例えば、自動車産業。戦後成長し、日本を代表する産業になりました。新車を開発して工場で大量生産し、ディーラーで売る。「意匠」の意味でのデザインは変わってきましたが、基本的な仕組みは何十年も変わっていません。

ところが、近年は無人運転やコネクティッドカー、EV化などで、自動車自体の概念が大きく変わりつつあります。また、移動という枠組みにおいてもMaaSの考え方が広まり、新しいシェアリングサービスが登場しています。ドラスティックに業界が変化していく中で、今までと同じ方法で自動車を作っているだけでは限界があります。

こうした中で、自動車業界の各社は、従来の自動車メーカーの枠組を抜け出す新しい試みを初めています。トヨタ自動車はモビリティカンパニーとして打ち出して街を作ろうとしていますし、日産自動車ではユーザーエクスピエリエンスのデザインチームを作って今までにない方法で課題解決をしようとしています。

——変化に対応していくためにはデザインシンキングのアプローチで新しい機会を発見していく必要がある、と。

岩嵜氏:既存の事業を回していくだけであれば、今までのやり方でも対応できるかもしれません。いわゆる改善領域ですね。これは日本の企業がこれまで得意としてきた領域です。しかし、新しくイノベーションを起こすためには、既存の枠組みを出て今までにない見立てを獲得することが必要不可欠だと思います。

出版業界もまさに今、大転換期を迎えているタイミング。既存の事業から離れて、新しいアプローチで事業を考えていくことが求められているのではないでしょうか。

———デザインシンキングのアプローチで新しいものを生みだしていくために、大切なことはなんでしょうか。

岩嵜氏:イノベーションを起こすためには、両利きの経営が必要です。今までやってきたことを深化させることも大事ですが、横展開して新しい機会を探索していくことも大切。深化させる部分、改善する部分はロジカルシンキング、横展回する探索の部分はデザインシンキング。これらを行ったり来たりしながら取り組んでいくことが大事です。

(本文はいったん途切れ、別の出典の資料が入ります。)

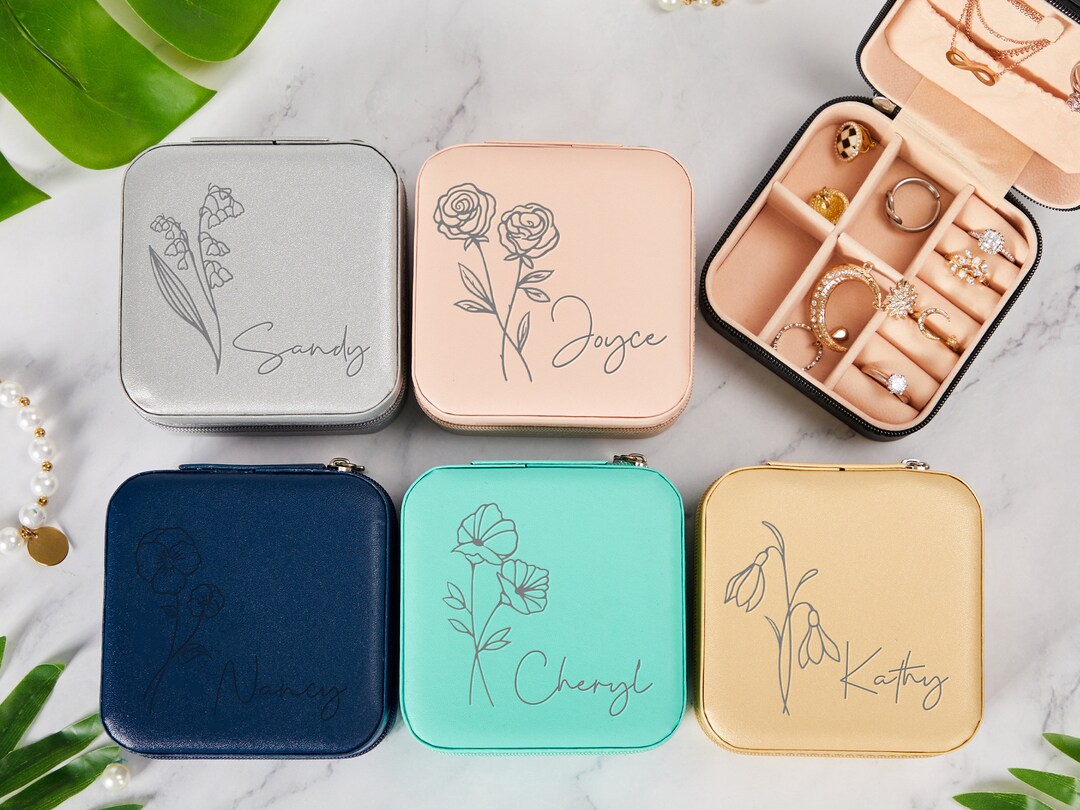 Engraved Jewelry Box Personalized,leather Jewelry Travel Case,wedding Gift,christmas Gifts,birth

また、既存の組織体系にデザインシンキングを取り入れると組織が混乱して機能しないケースもあるので、デザインシンキングの発想で探索をするチーム、ロジカルに検証・分析をするチームと、役割でチームを分けたほうがうまくいくと思います。既存組織と離れたところに専門のチームを作り、うまくいったものを全社的に反映していく方法がスムーズです。

生活者はまだ見たことがない新しいものを評価することはできません。こうした中で、新しい市場を開拓していくために何が必要か。生活者の視点に立って発想することに加えて、最終的には「こんな商品が世の中にあったらいいよね」というイマジネーションと強い意志なのではないでしょうか。